- _RECORDS PROVIDED_:

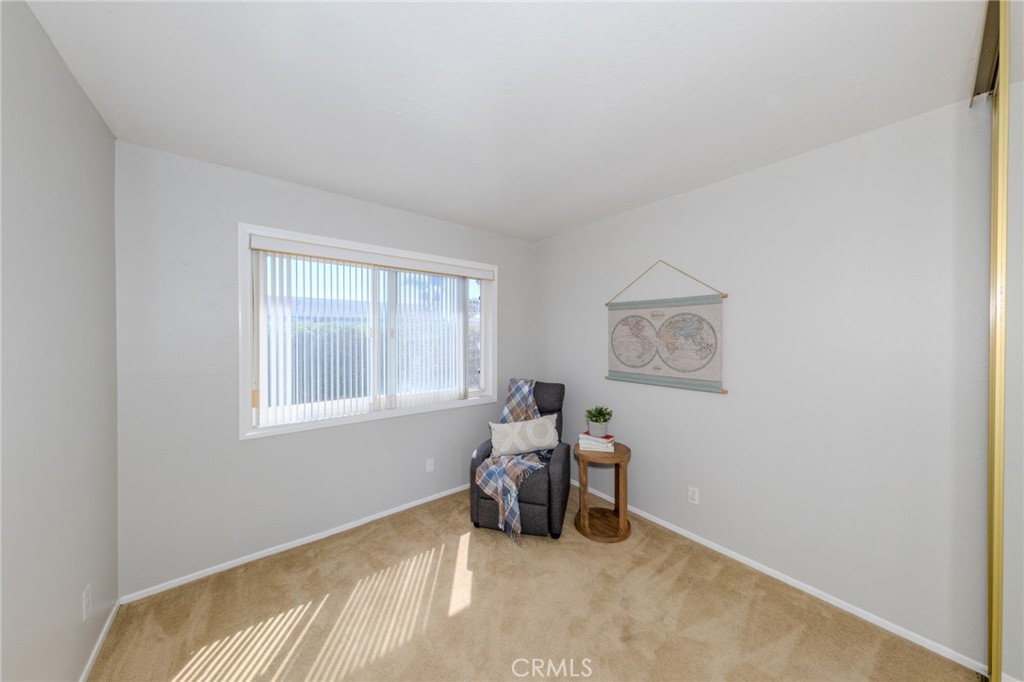 8712 Mossford Dr. Property Photo 30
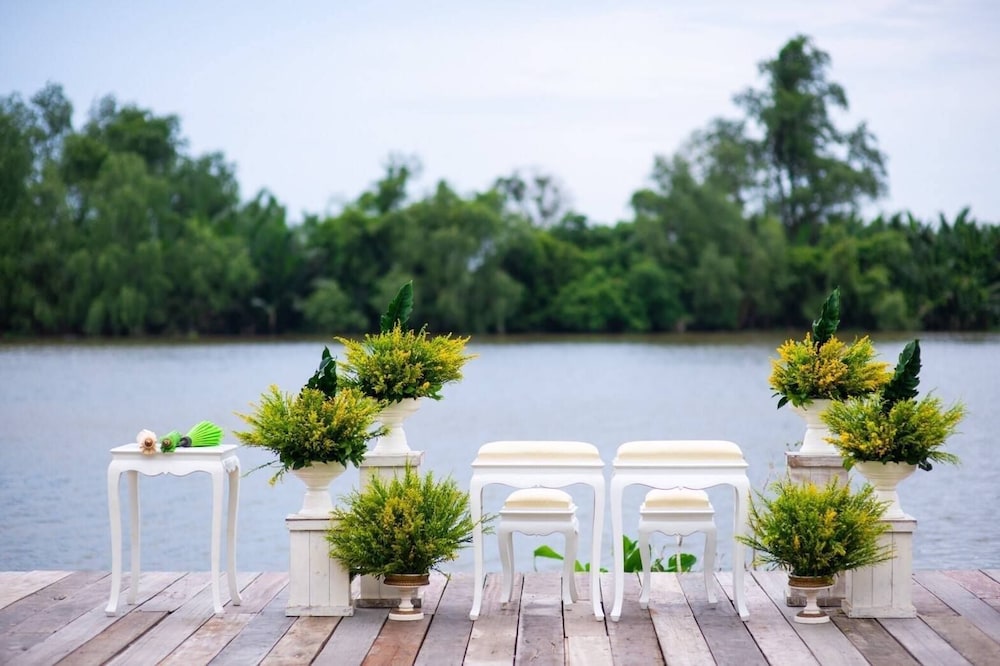 VAA Chachoengsao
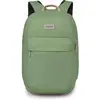 Bild von Osprey, Rucksack, (6 l)
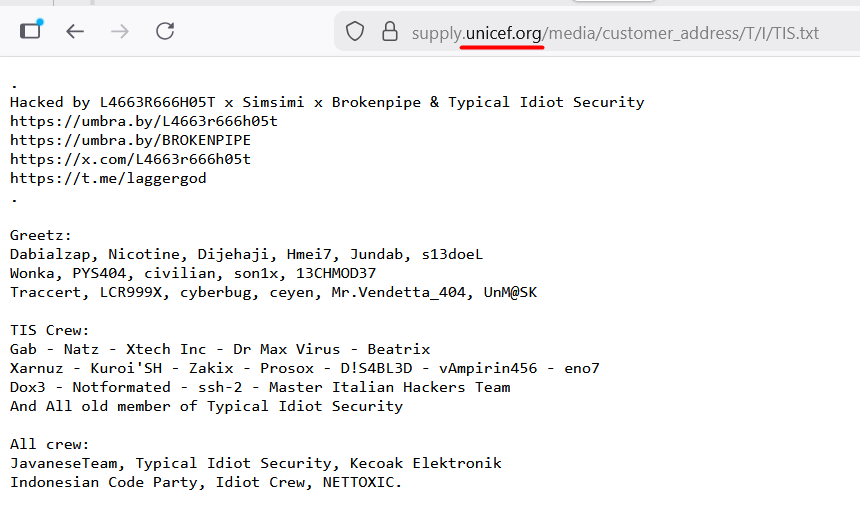 Germán Fernández tweet media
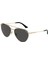 Güneş Gözlüğü Jimmy Choo JC4002B 30068760 2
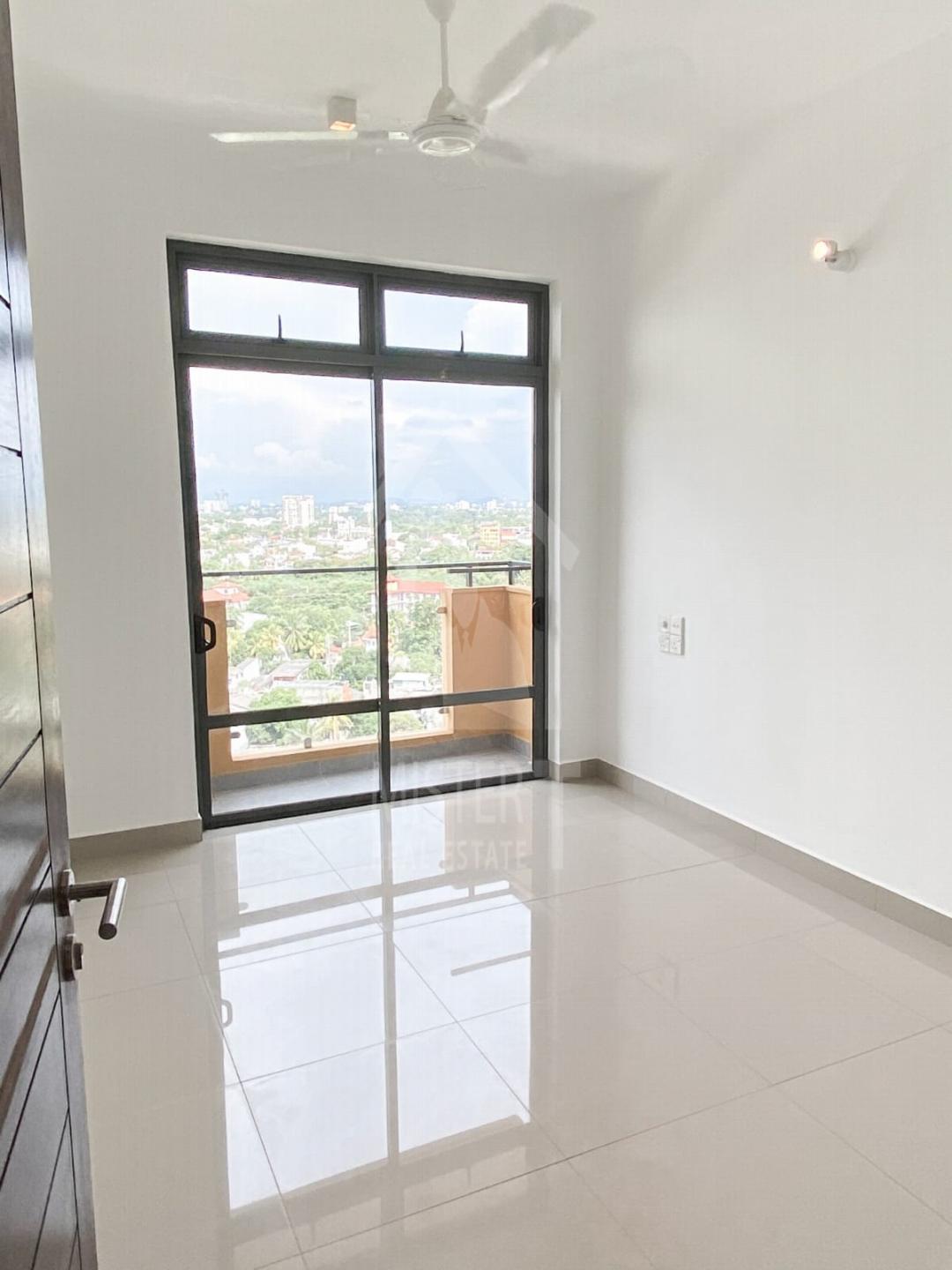 Apartment for Rent at The Heights- image 2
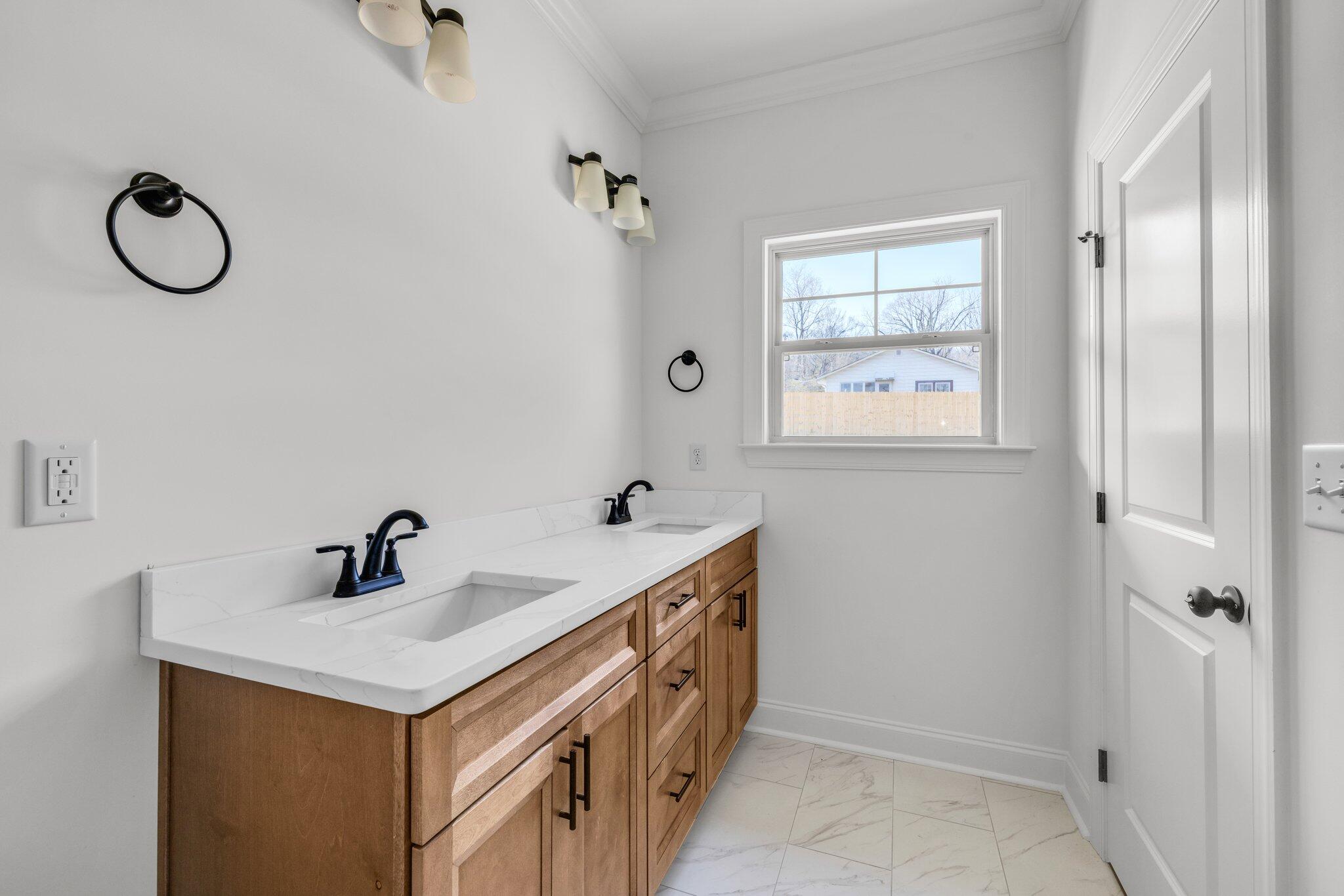 2517 Nonava Lane, Red Bank, Tennessee image 20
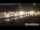 Webcam in Husum, 19 km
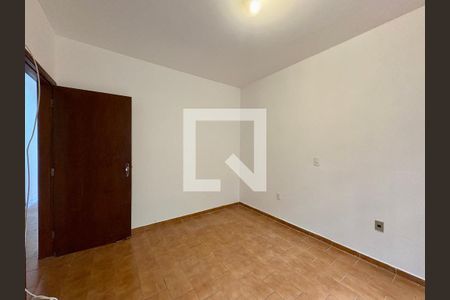 Quarto 2 de casa à venda com 3 quartos, 280m² em Jardim Merci Ii, Jundiaí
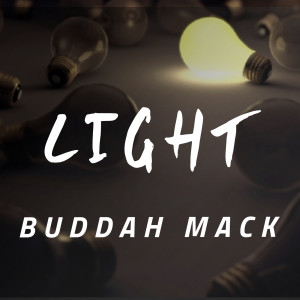 Light dari Buddah Mack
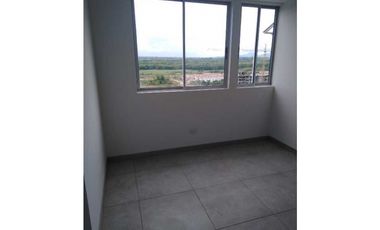 VENTA APARTAMENTO CERRITOS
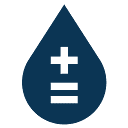 ThinkData Works Inc. logo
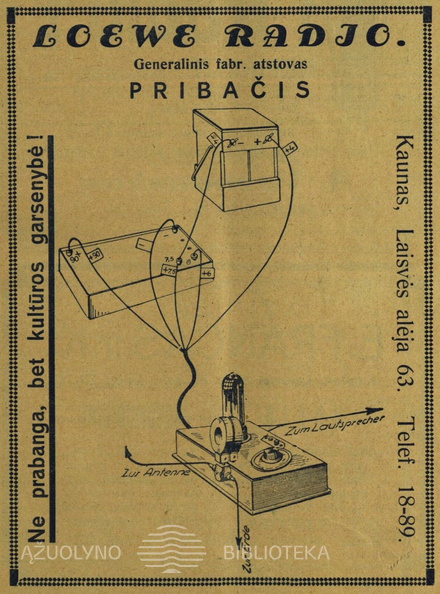 Paštininkų žodis.-1928, nr. 2, p. 31.jpg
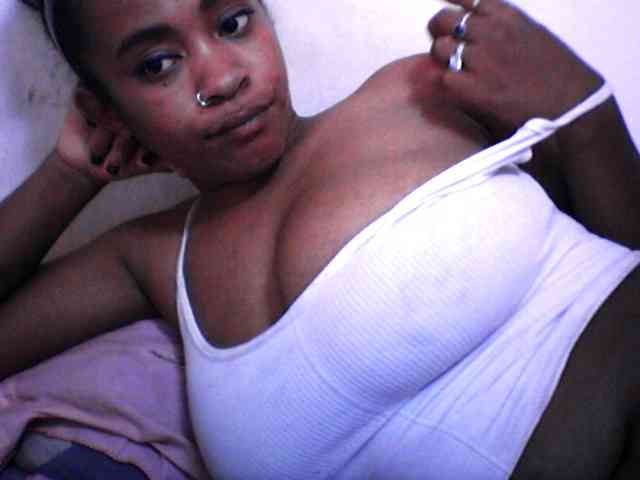 Mayrah webcam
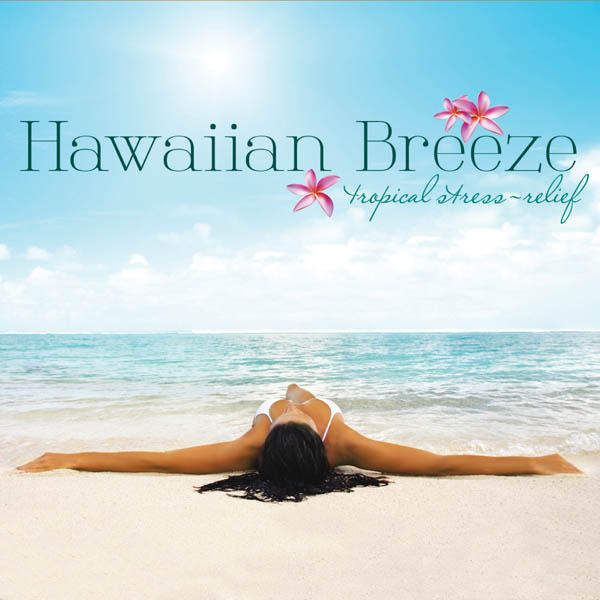Image for Hawaiian Breeze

- _EXERCISE GOAL_:
The lines from the one containing "2517 Nonava Lane, Red" to the final line of the material, both ends included, should be retyped exactly and alone, with no pictures.

- _RESPONSE FOR THIS EXERCISE_:
 2517 Nonava Lane, Red Bank, Tennessee image 20
 Webcam in Husum, 19 km
 Quarto 2 de casa à venda com 3 quartos, 280m² em Jardim Merci Ii, Jundiaí
 Light dari Buddah Mack
 VENTA APARTAMENTO CERRITOS
 ThinkData Works Inc. logo
 Paštininkų žodis.-1928, nr. 2, p. 31.jpg
 Mayrah webcam
Image for Hawaiian Breeze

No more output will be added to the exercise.